• Defensive Driving Rule #61: Never Stop on a Freeway!

      This one seems like such a no-brainer, but you see vehicles stopped on controlled access highways all the time. You may have no other choice if you have an emergency, but otherwise, take an off-ramp and find a parking lot to get out of traffic and off the road for a minute or two, to read your map or change CDs, etc.

      You would think other drivers would see a vehicle stopped along a freeway shoulder and be able to keep from hitting it, but the collision statistic books are filled each year with this kind of mishap. I think a large part of the reason is that many drivers do not keep their eyes up and looking down the road -- instead, they're looking somewhere directly over their hood ornament. They don't see hazards waiting beside the road ahead. Other times, distracted drivers may be looking somewhere else within the vehicle, which makes it an even greater possibility their vehicle will drift from the roadway. Still another potential danger is the driver who is impaired and whose eyes fixate on a stopped vehicle, causing him to run straight into it. Don't discount the numbers of impaired drivers; at peak times, as many as 5 out of 10 drivers can be impaired, so these folks can be a significant source of danger to you.

      All of these reasons make the side of a freeway a very dangerous place to be. Stopping on a freeway is SO dangerous that highway patrolmen are taught never to stand between two vehicles -- to prevent being crushed if and when their patrol vehicle gets rear-ended. If my vehicle breaks down on a freeway, and I roll to a stop with a flat tire, for example, the last thing I would do is repair it there. Generally, I would suggest that you stay in the vehicle and call for a tow. Fix the flat tire somewhere off the freeway right-of-way, where other vehicles aren't blazing past at 75 miles per hour. Maybe you haven't noticed, but most drivers do not slow down for stopped vehicles -- nor will they change lanes to provide a little extra room. How many times have you seen a distracted motorist working on a flat tire with his or her back to traffic that's mere inches away? Even worse is seeing them underneath the vehicle with their legs sticking out toward the traffic lanes.

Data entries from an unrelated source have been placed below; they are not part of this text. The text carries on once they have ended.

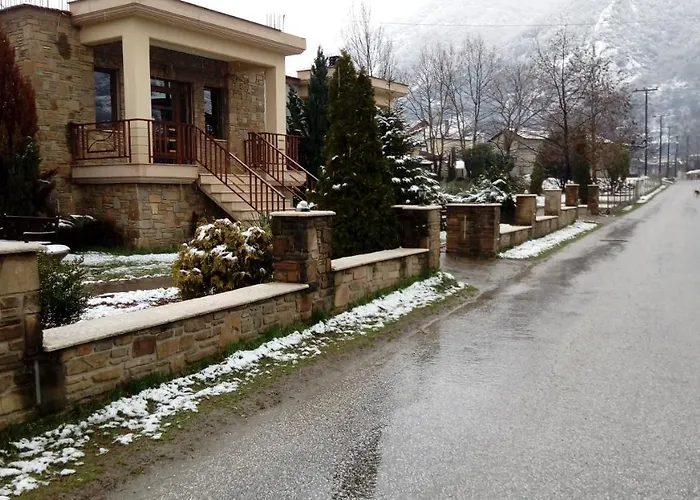 Villa Evenos Káto Loutrákion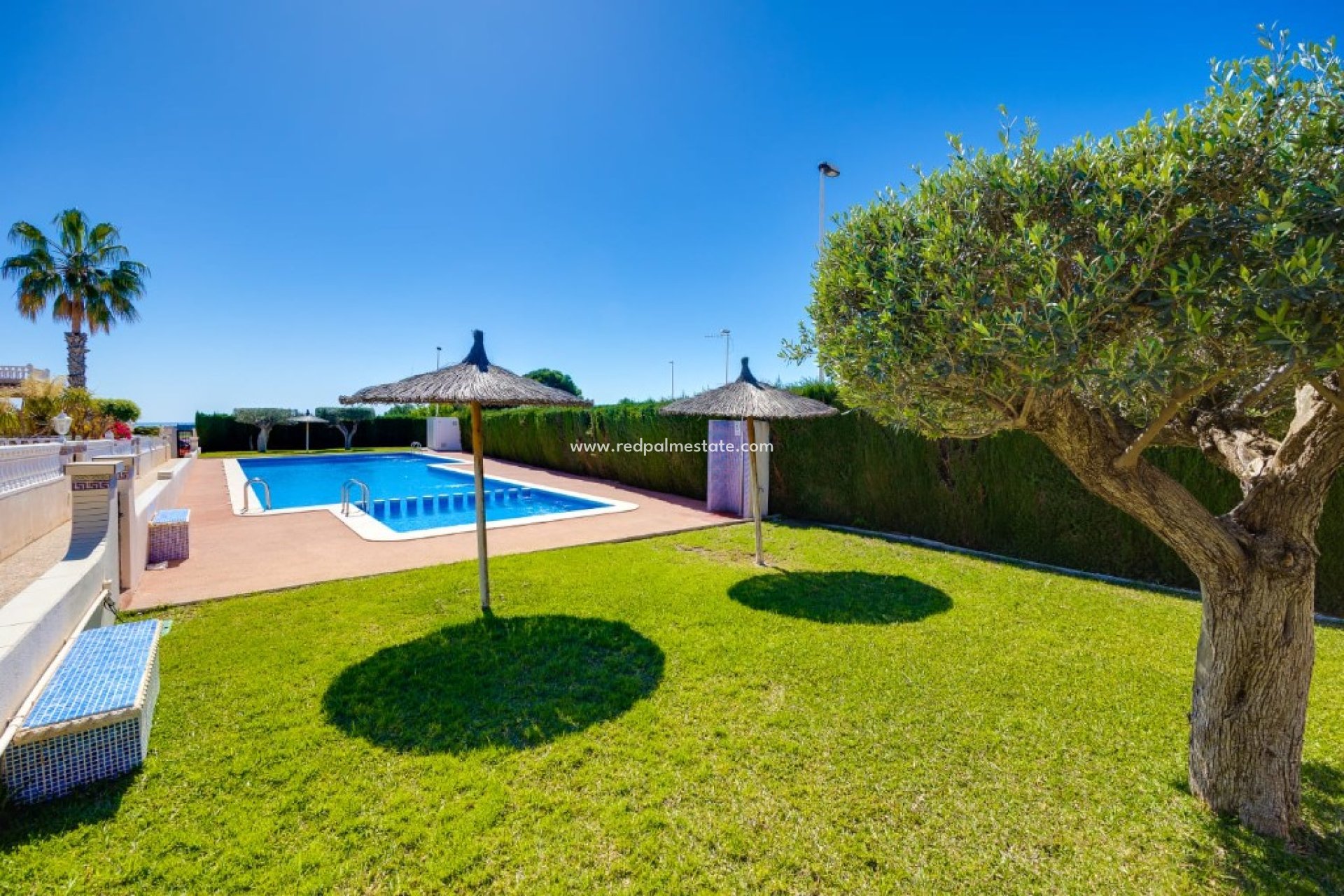Resale - Villa -
Orihuela Costa - La Zenia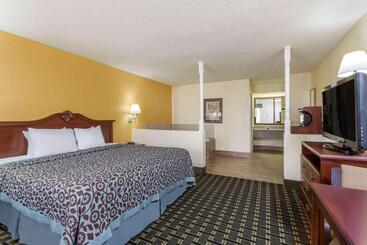 هتل Days Inn & Suites By Wyndham Warner Robins Near Robins Afb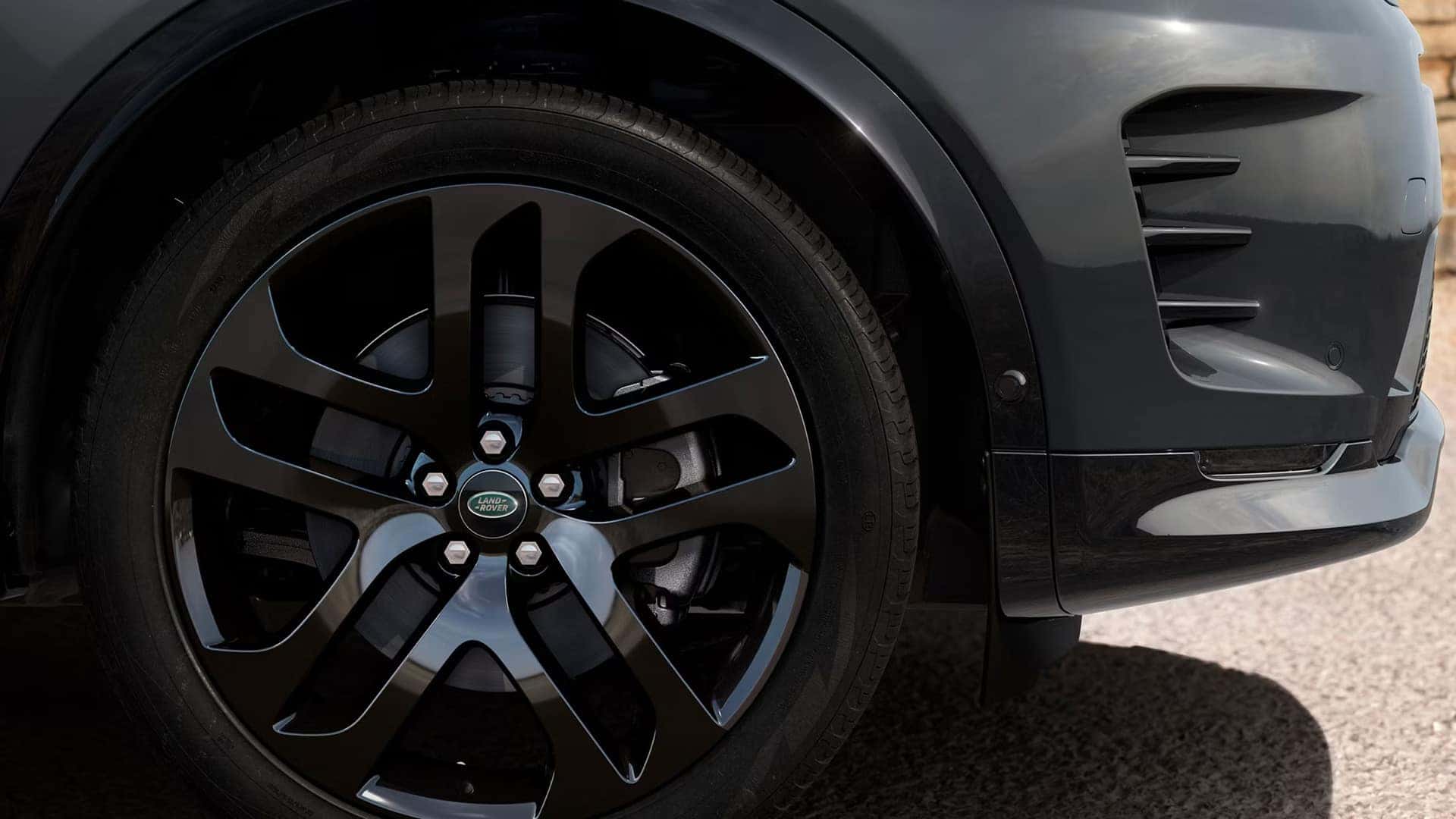 front passenger wheel on a 2026 discovery sport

      If you decide you have to walk away from your vehicle, some highway safety experts say that it is safer to walk in the direction you were headed while driving, rather than to the rear. The logic is that other drivers are more likely to see you after they've seen your vehicle stopped, rather than the other way around. I don't know of any hard numbers that corroborate this, but it is worth thinking about. Either way, you may be safer staying IN your vehicle until help arrives, unless you can quickly walk to a SAFE spot away from your vehicle and away from the roadway (for instance up the shoulder or partly up an adjoining hillside). Such a location can be a safer place to wait for assistance, but be careful about walking along the shoulder next to the traffic to get to it -- that's where the danger is. If you have to walk along the shoulder, get as far off the roadway as you possibly can. Then, you can return to your vehicle when the service truck arrives to assist you.

      Drive friendly even if the other guy doesn't -- courtesy is contagious!